RuntimeError: Function MmBackward returned an invalid gradient at index 1 - got [128, 16] but expected shape compatible with [4, 16]

Hello there,
I’m trying to implement (copypaste from different sources) the DDQN algorithm in PyTorch. I get the following error when calling loss.backward(): RuntimeError: Function MmBackward returned an invalid gradient at index 1 - got [128, 16] but expected shape compatible with [4, 16].
I believe this is the relevant code:

        transitions = self.memory.sample()
        batch_state, batch_next_state, batch_action, batch_reward = zip(*transitions)
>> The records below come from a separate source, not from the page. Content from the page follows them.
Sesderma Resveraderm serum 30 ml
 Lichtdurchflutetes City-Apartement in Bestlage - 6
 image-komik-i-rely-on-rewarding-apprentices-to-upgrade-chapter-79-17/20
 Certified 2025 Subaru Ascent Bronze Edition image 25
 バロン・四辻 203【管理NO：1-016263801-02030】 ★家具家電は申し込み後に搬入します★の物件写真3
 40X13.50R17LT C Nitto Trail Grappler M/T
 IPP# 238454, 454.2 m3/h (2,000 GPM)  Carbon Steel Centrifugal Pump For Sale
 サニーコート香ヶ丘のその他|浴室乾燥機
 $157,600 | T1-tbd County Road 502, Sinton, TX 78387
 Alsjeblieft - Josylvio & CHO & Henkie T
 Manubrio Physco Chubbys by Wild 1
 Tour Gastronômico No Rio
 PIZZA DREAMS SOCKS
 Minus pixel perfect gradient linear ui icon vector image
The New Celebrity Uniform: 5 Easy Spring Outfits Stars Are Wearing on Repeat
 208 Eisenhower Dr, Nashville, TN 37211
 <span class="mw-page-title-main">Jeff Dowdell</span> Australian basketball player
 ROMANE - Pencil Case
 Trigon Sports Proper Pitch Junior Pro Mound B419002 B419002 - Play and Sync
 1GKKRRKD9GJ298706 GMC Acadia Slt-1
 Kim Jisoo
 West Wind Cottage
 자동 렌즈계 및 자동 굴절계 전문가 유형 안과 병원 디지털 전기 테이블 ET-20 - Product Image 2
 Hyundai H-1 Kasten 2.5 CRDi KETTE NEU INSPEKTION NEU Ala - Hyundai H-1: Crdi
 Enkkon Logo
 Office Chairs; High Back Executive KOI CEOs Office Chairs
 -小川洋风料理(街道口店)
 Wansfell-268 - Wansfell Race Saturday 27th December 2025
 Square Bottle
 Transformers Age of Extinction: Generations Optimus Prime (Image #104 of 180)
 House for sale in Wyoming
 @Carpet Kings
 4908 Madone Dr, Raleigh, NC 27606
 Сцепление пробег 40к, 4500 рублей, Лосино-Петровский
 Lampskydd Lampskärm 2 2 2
        batch_state = torch.cat(batch_state)
        batch_next_state = torch.cat(batch_next_state)
        batch_action = torch.cat(batch_action).squeeze(1)
        batch_reward = torch.cat(batch_reward)

        # current Q values are estimated by NN for all actions
        current_q_values = self.policy_net(batch_state).gather(0, batch_action)

        # expected Q values are estimated from actions which gives maximum Q value
        max_next_q_values, _ = self.target_net(batch_next_state).detach().max(0)
        expected_q_values = batch_reward + (self.gamma * max_next_q_values)

        # Compute loss
        loss = self.criterion(current_q_values, expected_q_values)

        # Zero the gradients and backpropagate
        self.optimizer.zero_grad()
        loss.backward()
        for param in self.policy_net.parameters():
            param.grad.data.clamp_(-1, 1)

        # Optimizer
        self.optimizer.step()

Both policy_net and target_net are just two linear layers with ReLU activation.
The error makes me believe that the graph is messed up somewhere, but I’m not sure how such a situation can be reached. I assume MmBackward refers to a torch.mm computation, but I don’t think I ever call torch.mm.
I am incredible lost and any help would be much appreciated. Thanks in advance!